Tierney’s point was that while cancer sucked, like, supremely sucked, it didn’t banish all the good in our lives. Cancer didn’t have that ability. It could wreak havoc inside our girl’s body. It could create fevers that had nothing to do with infection, but still required a long hospital stay. It could make Donna’s hair fall out and rob her of the ability to jump and run like other little kids. It could kill her, take our little girl’s life way the hell too soon. Cancer could do all those things, and did, but it could not touch the joy and love in our lives.
Tierney wanted me to remember that.
And so I do.
Today, her words are really resonating with me. Today, you see, is a Fuck You, Cancer kind of day. Today, my oldest son, my boy, Donna’s beloved brother, turns five. Happy Birthday, dear boy. Happy Freaking Birthday!
My husband and I have been parenting for almost nine years now, but today is the first day we have parented a five year old. That, my friends, is a gift. It’s my son’s birthday, but that gift is all ours to enjoy and appreciate. So you’ll forgive me if I am a little verklempt today. I can’t seem to stop the tears from welling up here and there and pouring over.
I am so happy to be this boy’s mama. I remember with intensity the joy Donna took in her brother. The love she showered on him in the few months their lives overlapped. The abject anger in her voice when, during her vigil, she popped straight up in bed, alarmed that her Dad and I were discussing taking her baby brother to the ER because it was a Sunday and he had a fever and something just wasn’t right about him. “NO!,” she screamed from the bed.

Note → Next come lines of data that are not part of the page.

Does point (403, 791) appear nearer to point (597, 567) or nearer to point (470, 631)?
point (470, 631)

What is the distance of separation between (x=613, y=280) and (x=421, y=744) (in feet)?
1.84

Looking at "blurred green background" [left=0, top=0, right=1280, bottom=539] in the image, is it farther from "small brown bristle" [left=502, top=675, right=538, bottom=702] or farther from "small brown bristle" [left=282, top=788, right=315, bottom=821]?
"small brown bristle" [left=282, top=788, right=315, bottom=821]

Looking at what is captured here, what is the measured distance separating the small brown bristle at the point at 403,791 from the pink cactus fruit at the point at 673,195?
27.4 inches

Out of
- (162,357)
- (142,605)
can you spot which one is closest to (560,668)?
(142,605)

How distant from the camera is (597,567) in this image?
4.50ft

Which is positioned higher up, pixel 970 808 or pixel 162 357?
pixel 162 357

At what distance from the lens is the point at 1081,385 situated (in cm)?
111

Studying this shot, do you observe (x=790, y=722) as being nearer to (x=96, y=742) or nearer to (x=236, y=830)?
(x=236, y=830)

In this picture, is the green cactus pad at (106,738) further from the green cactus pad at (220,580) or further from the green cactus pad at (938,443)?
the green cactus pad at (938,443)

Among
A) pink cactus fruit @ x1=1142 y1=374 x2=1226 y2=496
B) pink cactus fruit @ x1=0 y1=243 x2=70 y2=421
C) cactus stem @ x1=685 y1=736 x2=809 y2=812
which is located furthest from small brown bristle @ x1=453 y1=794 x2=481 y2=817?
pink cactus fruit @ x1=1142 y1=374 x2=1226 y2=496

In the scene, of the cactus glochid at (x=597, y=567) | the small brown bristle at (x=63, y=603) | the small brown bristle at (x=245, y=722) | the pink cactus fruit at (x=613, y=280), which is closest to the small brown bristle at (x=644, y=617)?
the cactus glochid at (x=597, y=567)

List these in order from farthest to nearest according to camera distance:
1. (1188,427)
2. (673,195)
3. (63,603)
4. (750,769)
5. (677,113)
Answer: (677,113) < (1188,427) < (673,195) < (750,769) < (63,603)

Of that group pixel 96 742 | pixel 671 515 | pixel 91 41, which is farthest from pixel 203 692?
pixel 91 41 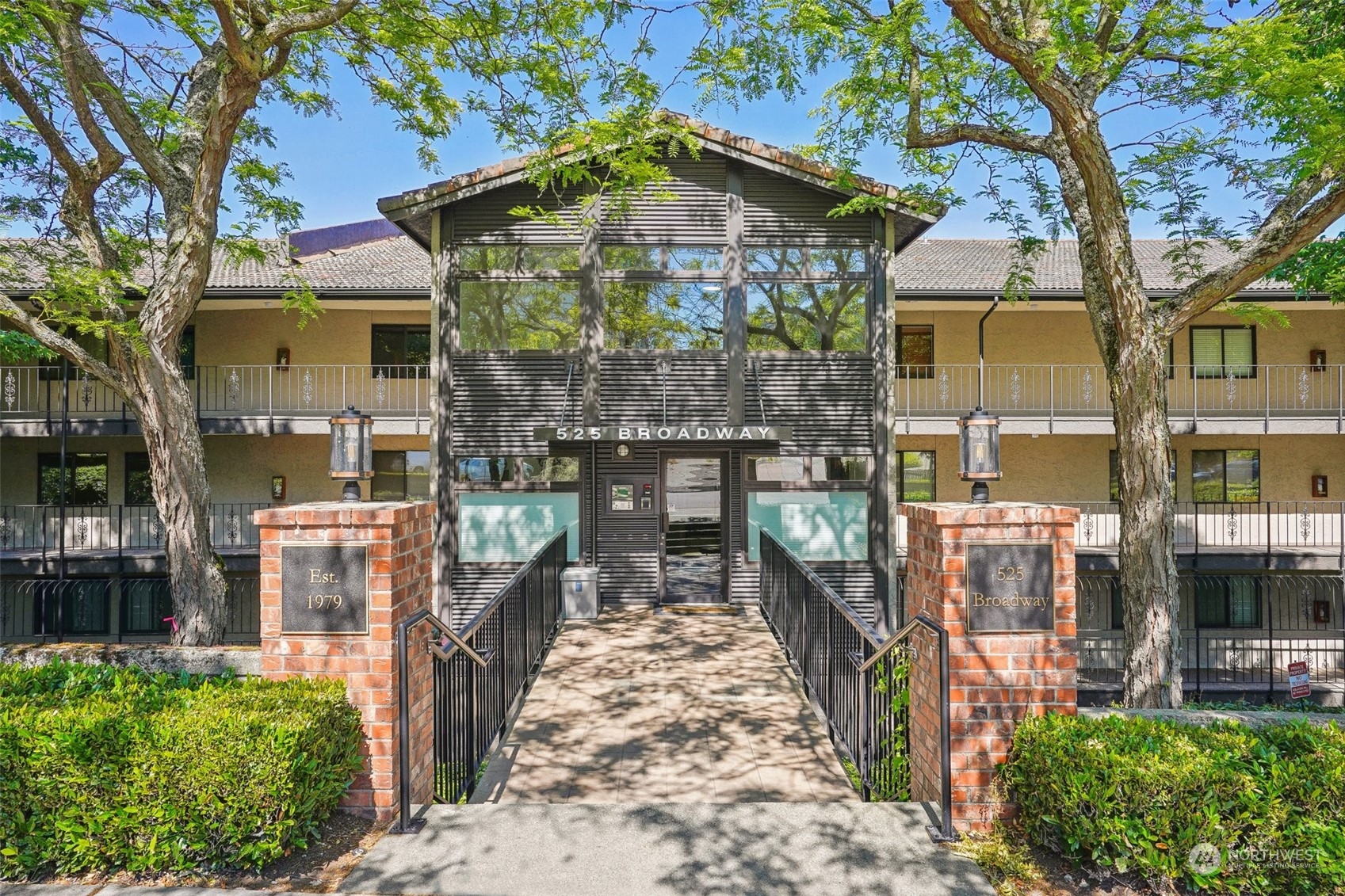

She never wanted for her brother what she herself had endured.
The selflessness of her love astounded me in that moment of Donna’s vigil. There she lay dying, knowing her fate, and she still had it in her to know that an ER was no place for her baby brother. Donna loved her brother so much.
So I welcome the tears this fifth birthday of my son. Somewhere, I know and feel, that Donna is still loving on her brother (both brothers now), and she is loving that her little brother is now older than she ever was. Because that is just the kind of girl she was.
And as sad as I may be on any given day to no longer mother a daughter, to know that cancer took my Donna from me, today is a day I can gladly and joyfully tell cancer to take a hike because today is a good day, a joyful day, a milestone day.
Today, bastard cancer, today I became the mother of a five year old. And there is not a damn thing cancer can do to take that from me.
Happy birthday, dear boy! May five be your best year yet.